Are Marketplaces Right for Your Business?

The emergence of prominent marketplaces in Asia Pacific (APAC) has made them a key feature in the regional eCommerce landscape. While the marketplace seems to promise easy revenue growth at low operational costs, retailers need to weigh the costs and benefits of selling on the platform. This article gives an overview of the marketplaces in APAC’s eCommerce landscape and highlights some key factors for consideration before launching on a marketplace.

An Overview of Asia Pacific’s Marketplaces


As the world’s leading eCommerce market with an estimated USD $1.5 trillion in B2C sales in 2014[1], APAC is home to many rapidly growing online marketplaces. The prevalence of marketplaces can also be attributed to online customers’ increasing openness to shopping on multiple platforms. Marketplaces’ wide-ranging offerings across different brands and product categories also help attract and retain consumers who are looking for more variety. With a wide customer reach, these selling platforms have proved appealing to retailers looking to explore more revenue channels and gain greater exposure in foreign markets. Marketplaces are also innovating regularly to allow customers to connect with brands at various touch points. On some of the most popular marketplace sites in APAC, up to 50% of customer traffic comes from mobile devices[2], with a significant proportion of sales derived from mobile applications[3]. In fact, marketplaces such as Zalora are preparing for a ‘mobile-only’ market by opening shopping channels on chat apps like Line or Viber[4]. Others are leveraging social commerce initiatives to widen customer reach – Alibaba’s social media channel, Weitao, offers customers easy buying options directly from Tmall or Taobao stores[5].

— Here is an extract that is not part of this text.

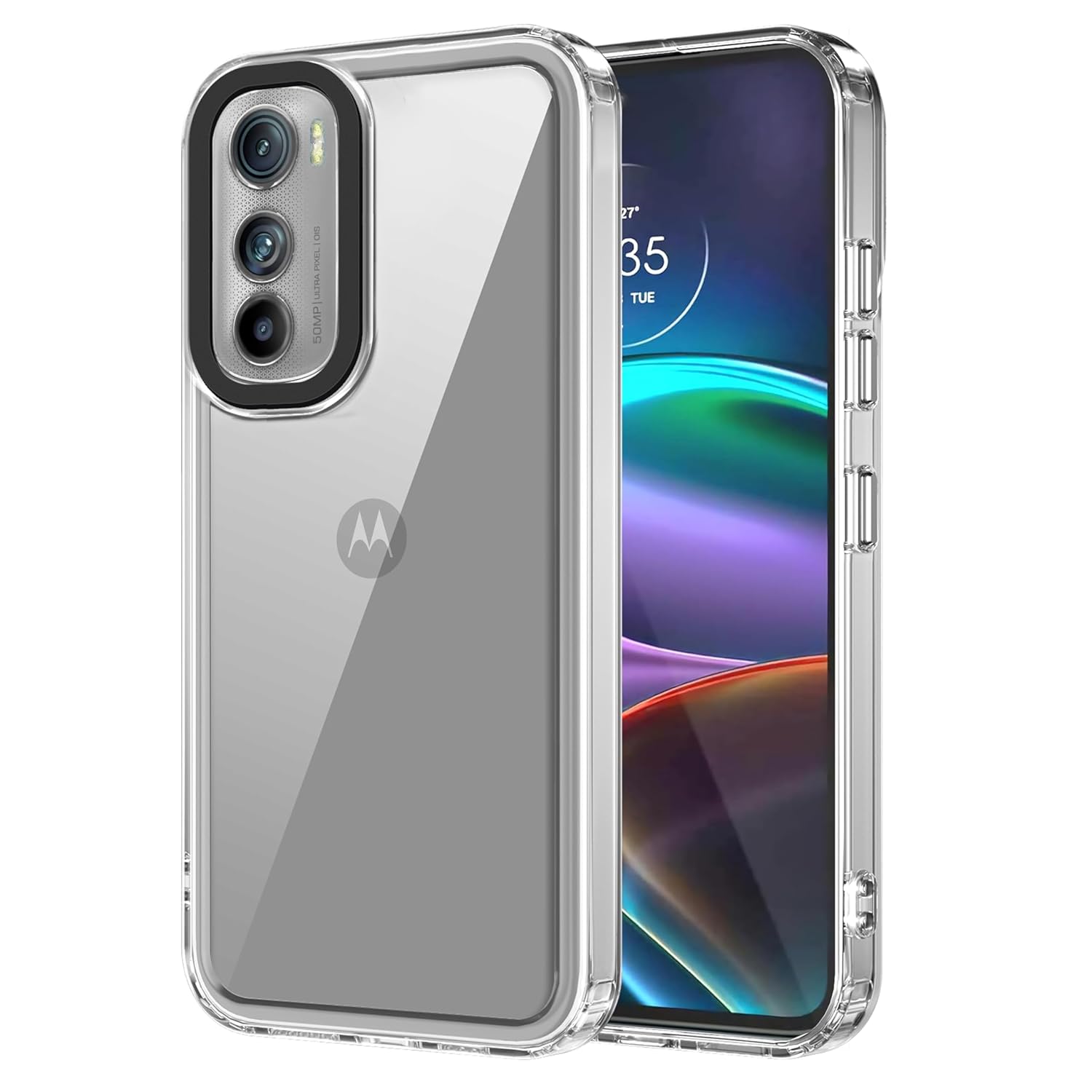 Amazon Basics Back Case Cover for Motorola Edge 30 5G (TPU + PC_Transparent)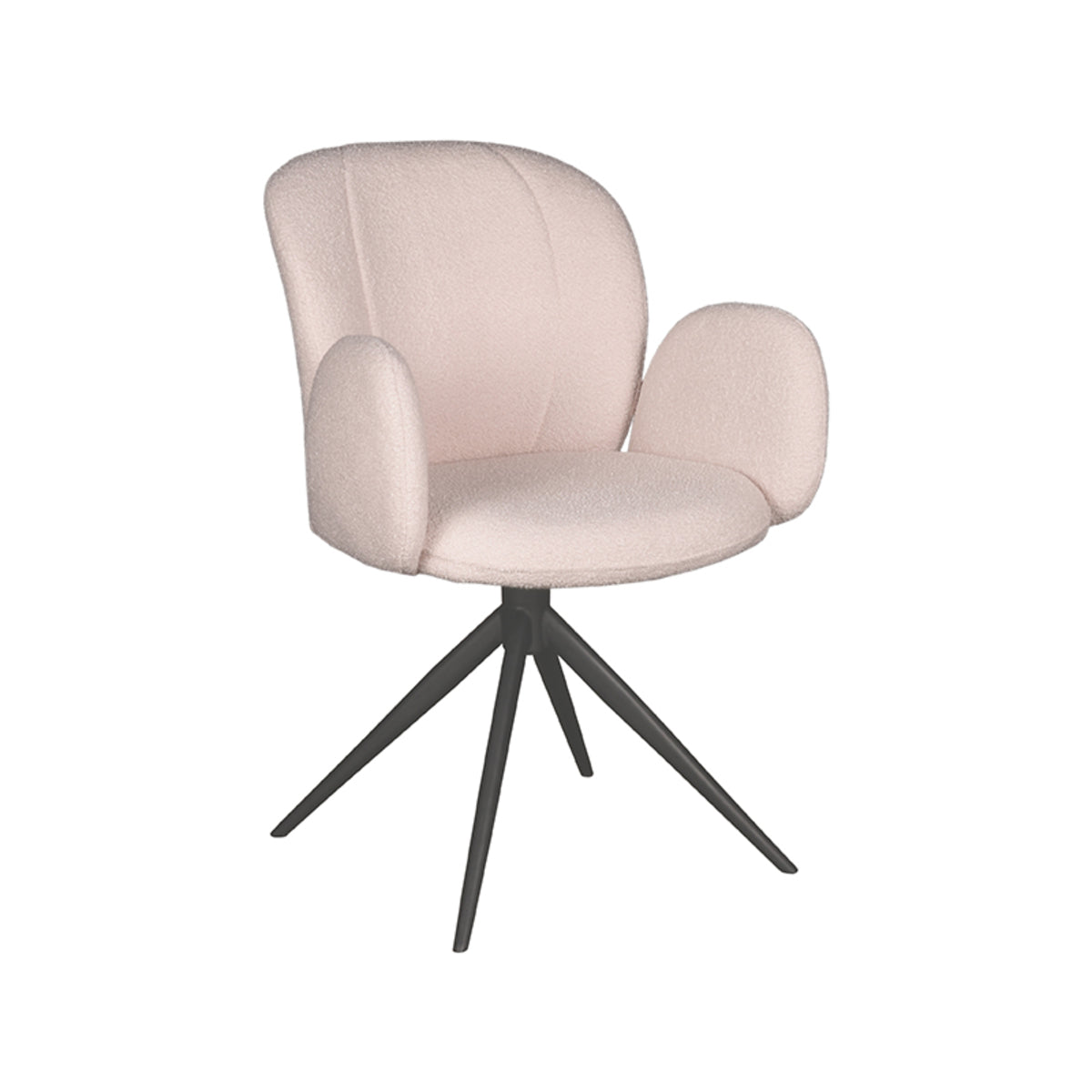 Eetkamerstoel Kimball | Naturel Bouclé | Zwart Onderstel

While global marketplaces continue to have a presence in APAC, local marketplaces have a significant foothold. Alibaba’s Taobao and Tmall marketplaces dominate China, with Gross Merchandise Volume (GMV) growth of 38% and 78% respectively in 2014[6]. The leading marketplace in Japan, Rakuten, has 85 million users nationwide [7] and is known to be highly innovative with a culture of personalized customer service[8]. In South Korea, Coupang takes the lead with more than 20 million local subscribers[9]. In India, where Amazon, Flipkart and Snapdeal are key players, Flipkart led the pack with 22 million registered users, accounting for almost half of the combined sales from these three marketplaces in 2014[10]. In Southeast Asia, prominent online marketplaces Lazada and Zalora have several localized stores across the region[11] and have attracted numerous small-scale retailers looking to grow their businesses in the online space[12]. Lazada’s marketplace site has been experiencing rapid growth, accounting for 65% of its sales revenue in 2014[13]. Its site also had more than 967,000 active customers, while Zalora drew more than 1.6 million registered users as of 2014[14]. With these rapidly expanding consumer bases, marketplaces are quickly becoming a key feature in the regional eCommerce landscape.

On the flip side, not all marketplace platforms can cope with the customers they amass. Reports of infrastructural problems, site crashes during online sale events[15] and poor customer service experiences[16] have been cited frequently. As such, retailers hoping to launch their brands on marketplaces must have an adequate understanding of the shopping platform and consider the potential impact of selling on a marketplace.

Pros and Cons of Selling on Marketplaces



  1. Low Cost of Entry

For retailers with limited resources, starting out on a marketplace is a good way to grow steadily as they can leverage the existing infrastructure and built-in services which marketplaces provide. Retailers may also save on marketing spend to promote their products and drive customer traffic to the site as marketplaces often spend significantly to ensure high visibility of their product offerings, with some marketplaces even advertising products for their participating merchants[17].

  1. Reduced Risk

With the low cost of entry come significantly lower risks. Retailers who are just starting out in eCommerce may find the marketplace platform an easier, more cost-effective strategy in entering the market, without the significant investments. Given the extensive geographical reach of marketplaces, the platform also serves as a good test bed to determine which products sell best in specific markets.

  1. Customer Acquisition

As a one-stop-shop online mall, marketplaces attract millions of shoppers, making them great platforms for merchants to leverage existing customer reach. Forrester also reported that a growing number of shoppers are starting their product searches on marketplaces such as Amazon, instead of search engines. In 2009, only 18% started product searches on Amazon, compared to 24% originating on Google and other search engines. However in 2014, these figures showed a dramatic reversal: almost 39% of US online shoppers initiated product searches on Amazon versus 11% through search engines[18]. For retailers selling through marketplaces, this translates to a massive customer base that is looking to marketplaces for product research, which is why many retailers now consider online marketplaces as an effective customer acquisition tool. Retailers allocate 16% of their digital marketing budgets to online marketplace initiatives and operations[19]. Retailers also have more opportunities to reach customers across multiple geographies, expanding their customer base beyond local markets via cross border commerce.

  1. Localized Sites

Marketplaces thrive in local environments because of their deep insights into local customers’ shopping behaviors and preferences. This gives them the capability of offering services such as localized payment options and customer service. Marketplaces also select their third-party providers based on their ability to meet local demands, which allows retailers to deliver services tailored for their local online customers.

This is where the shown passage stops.